Dermot's story ...
I am an alcoholic and my name is Dermot. I feel free telling people that I am an alcoholic today if I believe it could help them because I know now that alcoholism is a disease not a moral issue or a result of weak will power. When I take a drink my personality changes and I can't always guarantee my behaviour. Once I have the first drink I also have very little defence over the insatiable desire to continue drinking.
As a child there was always alcohol in our house and my father would regularly get drunk and come home and world war III would erupt. I used to beg him not to go to the pub and he would swear that he wouldn't but the cycle kept repeating. My mother used to say that he wasn't a bad man but was a sick man. I never wanted to be like him when I grew up.
I always felt very awkward and out of place, but alcohol always made me feel good about myself and gave me something that I was good at. I used to boast to my school friends about how much I could drink.
I don't know how old I was when I first got drunk but I had the first of many blackouts at fourteen. By fifteen I was regularly getting drunk and started smoking marijuana. By the time I was sixteen I was the one hanging out of the window of my friend's cars vomiting, or lying on the lawn outside some party unconscious. I couldn't talk to girls sober and by the time I had enough to drink to feel confident enough to talk to them I was drunk and would just embarrass myself. While I always felt that there was something wrong with me, by seventeen I started to wonder if there was something wrong with my drinking.
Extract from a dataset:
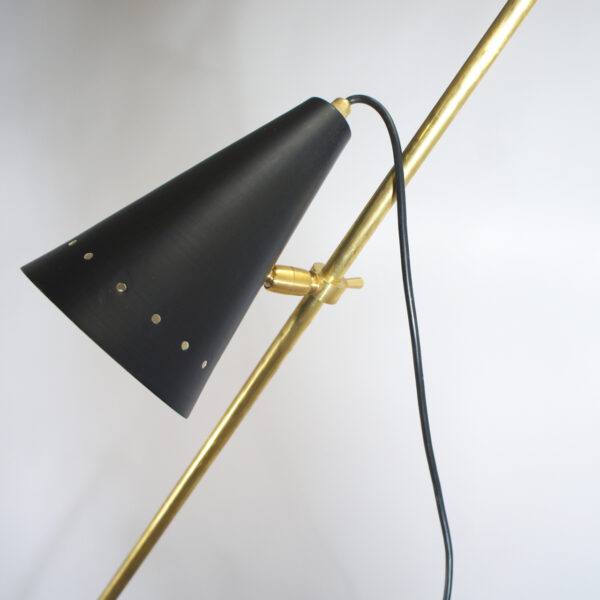 Leaning floor lamp in brass 1950's Golvlampa i mässing Wigerdals Värld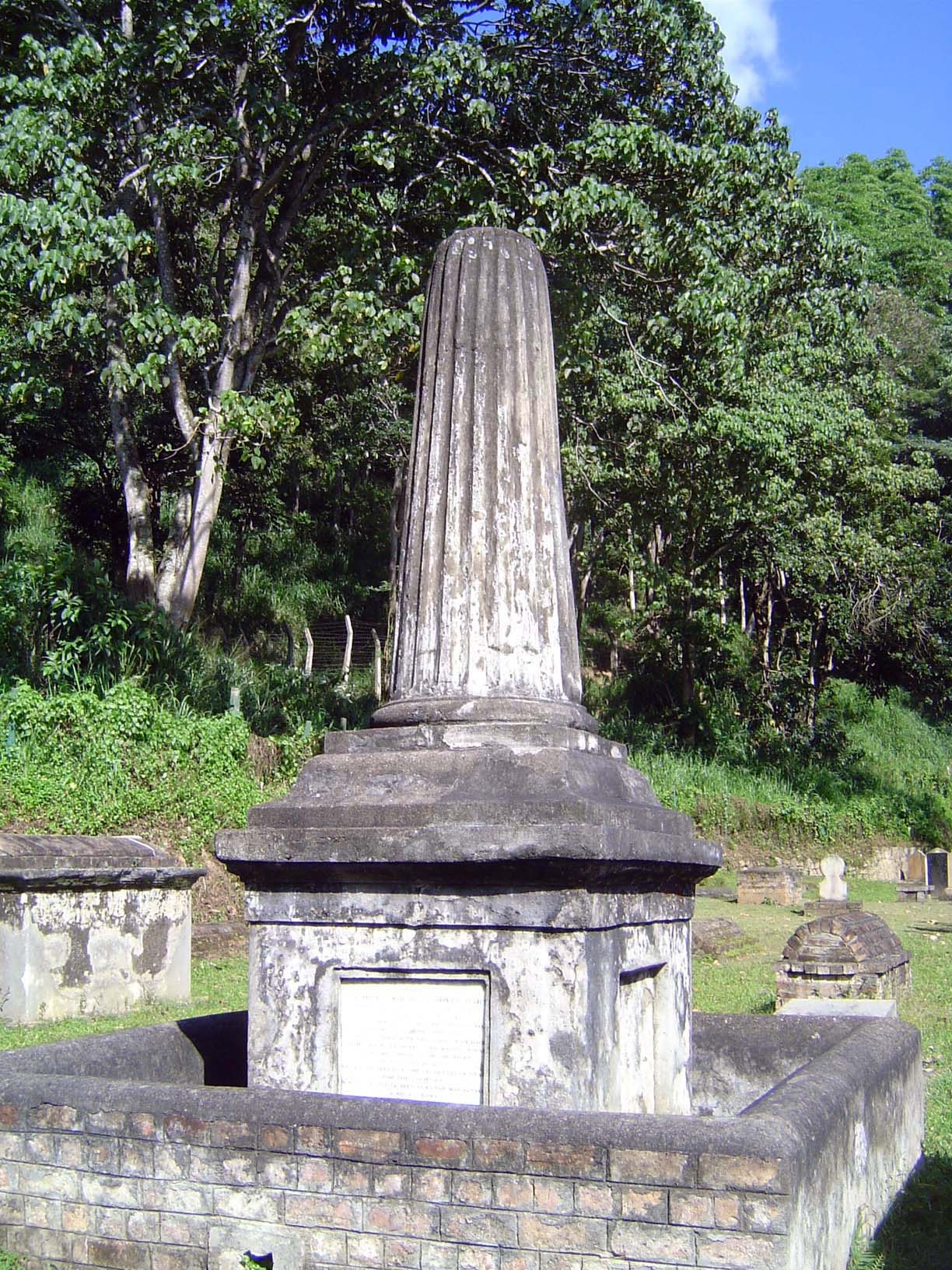 The most important grave in the cemetery belongs to Sir John D'Oyly 1774-1824. A Cambridge graduate, he went to Sri Lanka in 1801, aged 26.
The next four years were very dark and lonely. At the few parties that I went to I would leave the party and end up wandering about the streets. I could be in a room full of people and just want the floor to swallow me up. I couldn't stand being around people but at the same time I didn't want to be by myself.
At 21, I had a rather heavy binge involving 4 litres of cask port and 15 pseudo ephedrine tablets. After I got home I vomited and started to shake and rattle and I realised that this behaviour wasn't normal and I wanted to do something about it. I enrolled in a course at a non-residential rehab centre but the course I chose was on the effect of another's drinking on my life. I was focusing on my fathers drinking and not my own. The course required that all participants remain alcohol and drug free - I managed to stay off the grog for 3 weeks but still smoked pot. It was suggested to me by those running the course that I should look at my own usage before I consider anyone else's. However, by that stage the rattles had left me and I was no longer ready.
Six months later, I was back studying at university and I was failing (yet again). I was at my lowest ebb, the loneliness was insurmountable and I had had enough. I had a moment of clarity when I realised that my drinking and drugging were costing me more than I had ever admitted before and again I wanted to change. I re-enrolled in the rehab course, but this time as a dependant user. I also sought special permission to withdraw from university without failing. While at the rehab course I was introduced to Alcoholics Anonymous (AA).
At my first AA meeting I truly identified with all the speakers. I was only 22 and was the youngest in the meeting by 13 years. Yet the feelings I had of being different and alone left me while I was there. There were many things that the others had done that I hadn't but I still felt that I belonged. I was a little embarrassed by the fact that my story didn't compare with some of the others' of drinking first thing in the morning and halfway houses, but the guy who brought me to that meeting explained that it's not what we've done or how much we've drunk but what we've become that unites us. The simple fact that I wanted to be free of alcohol and identified with the feelings and thoughts of other members meant that I belonged. I have since met many people who share similar aspects of my history.
I have been coming to AA for over 15 years and although I am often far from perfect at practicing the program of AA, my life has improved beyond my wildest dreams. In the depths of my darkness I used to dream of riches and power but now I have peace of mind instead. I have a very loving and beautiful family and my relationship with my mother and siblings is better that I could have ever dreamt. Before my father died a few years ago I was able to hug him and tell him that I loved him and we had the best relationship that we could have had. I still get drawn away from the important things in life but going to meetings helps me to remember what is important and puts things back in perspective. I get the most perspective whenever I talk to a newcomer who is still suffering from the disease of alcoholism.
The program of AA involves the practice of the Twelve Steps. These are a program for living that helps the recovering alcoholic to repair his or her life and feel worthwhile and wanted, needed and loved. We talk about a 'Higher Power' and 'God As We Understand Him'. Most people can handle these concepts when they realise that they can choose their own definition of a "god" or "Higher Power". I have met people in AA from all sorts of religious backgrounds and also many with no religion at all.